Vogel et Kestner ont collaboré sur un précédent film, le court métrage documentaire de 2004. Max par hasard (Rejsen på ophavet), qui soulevait des questions philosophiques différentes de celles Vie et autres problèmes.

« Tout était question de, est-ce une coïncidence, la vie ? » Vogel a expliqué. « Et maintenant [Life and Other Problems] c’est comme si tout était connecté. Je pense que c’est la beauté de ce film, et je pense que c’est un film de bien-être sur le fait que, si on y va assez en profondeur, nous sommes pareils.

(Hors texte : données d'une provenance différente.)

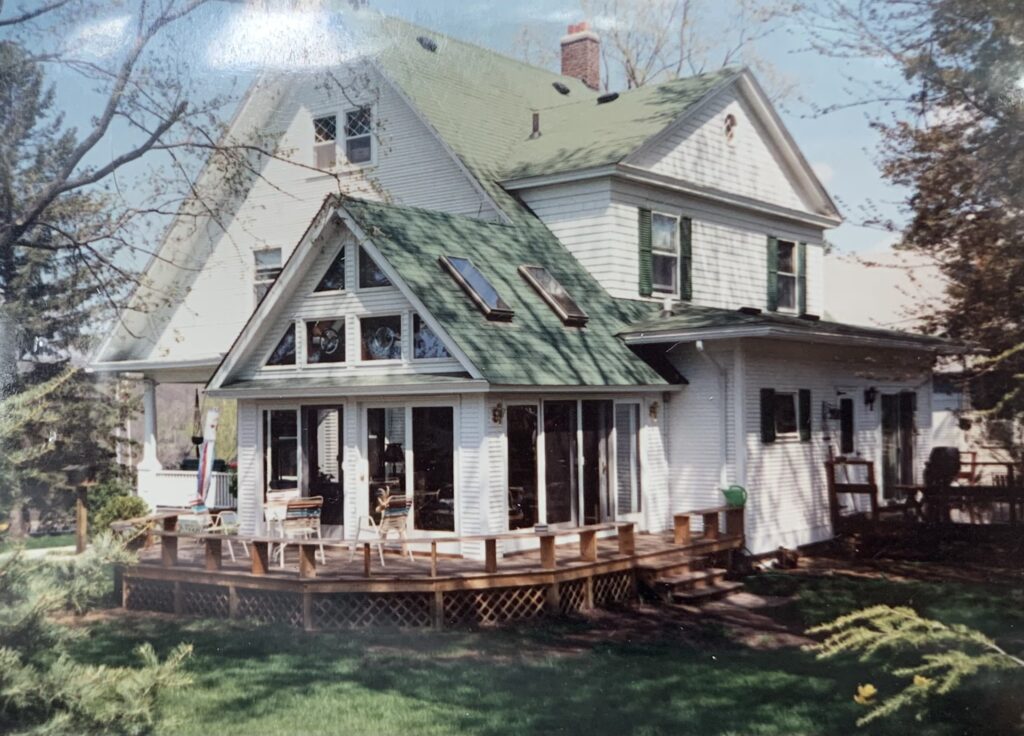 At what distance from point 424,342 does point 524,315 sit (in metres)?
1.15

20 personnes manifestent devant le zoo de Copenhague contre le meurtre d'une jeune girafe en parfaite santé nommée Marius le 9 février 2014, malgré une pétition en ligne pour la sauver signée par des milliers d'amoureux des animaux.

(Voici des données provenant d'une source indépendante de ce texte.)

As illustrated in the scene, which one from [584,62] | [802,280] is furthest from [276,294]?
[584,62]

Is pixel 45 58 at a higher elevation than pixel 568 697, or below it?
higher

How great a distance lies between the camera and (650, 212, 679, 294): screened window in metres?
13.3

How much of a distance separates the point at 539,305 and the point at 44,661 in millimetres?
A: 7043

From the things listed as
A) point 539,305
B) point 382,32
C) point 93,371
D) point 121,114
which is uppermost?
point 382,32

Manifestants devant le zoo de Copenhague le 9 février 2014, le jour où Marius la girafe a été tuée.

KASPER PALSNOV/AFP via Getty Images

Pour souligner ce point, le réalisateur utilise des lignes de l’extraordinaire poème de John Donne du XVIIe siècle « Pour qui sonne le glas » (exprimé dans le film par Orson Welles) : « Aucun homme n’est une île/Tout entier./Chacun est un morceau du continent,/Une partie du principal… La mort de chaque homme me diminue, Car je suis impliqué dans l’humanité.

La communauté des êtres vivants (pas seulement l’humanité) fait partie du même continent, pour reprendre la métaphore de Donne. Nous faisons partie de l’unité qui relie les humains, les girafes, les chimpanzés, les orques, les fleurs, les arbres et toute substance organique. Cela peut nous inciter à protéger les animaux individuels, ou peut-être devrions-nous réfléchir à notre destin collectif en tant que créatures ancrées dans un continuum de milliards d’années d’évolution.

Vie et autres problèmes fera ses débuts en danois jeudi. DR Sales gère les ventes internationales. Le film est écrit et réalisé par Max Kestner et produit par Vibeke Vogel. Les coproducteurs sont John Archer, Axel Danielson et Maximilien Van Aertryck.

Robert Bertrand
Robert Bertrand
Salut à tous les gamers ! Je suis Robert Bertrand, un rédacteur web et passionné de jeux vidéo. Mon univers tourne autour des pixels, des manettes, et des aventures épiques qui font vibrer le monde du gaming. Doté d'une plume passionnée et d'une passion dévorante pour les jeux vidéo, j'ai navigué entre les lignes de codes et les univers virtuels. Mon parcours m'a amené à combiner ma passion pour l'écriture avec mon amour pour le gaming. En tant que rédacteur web spécialisé dans les jeux vidéo, je suis constamment à l'affût des dernières actualités, des sorties à ne pas manquer, et des tendances qui redéfinissent le paysage du gaming. Mon objectif est de partager avec vous des analyses approfondies et des recommandations éclairées. Parmi la multitude de jeux qui ont marqué mon parcours, "The Legend of Zelda: Ocarina of Time" reste mon incontestable favori. Cette aventure emblématique a marqué mon enfance, et la façon dont elle mélange narration immersive, exploration et bande son magistrale en fait une expérience qui résonne toujours profondément en moi.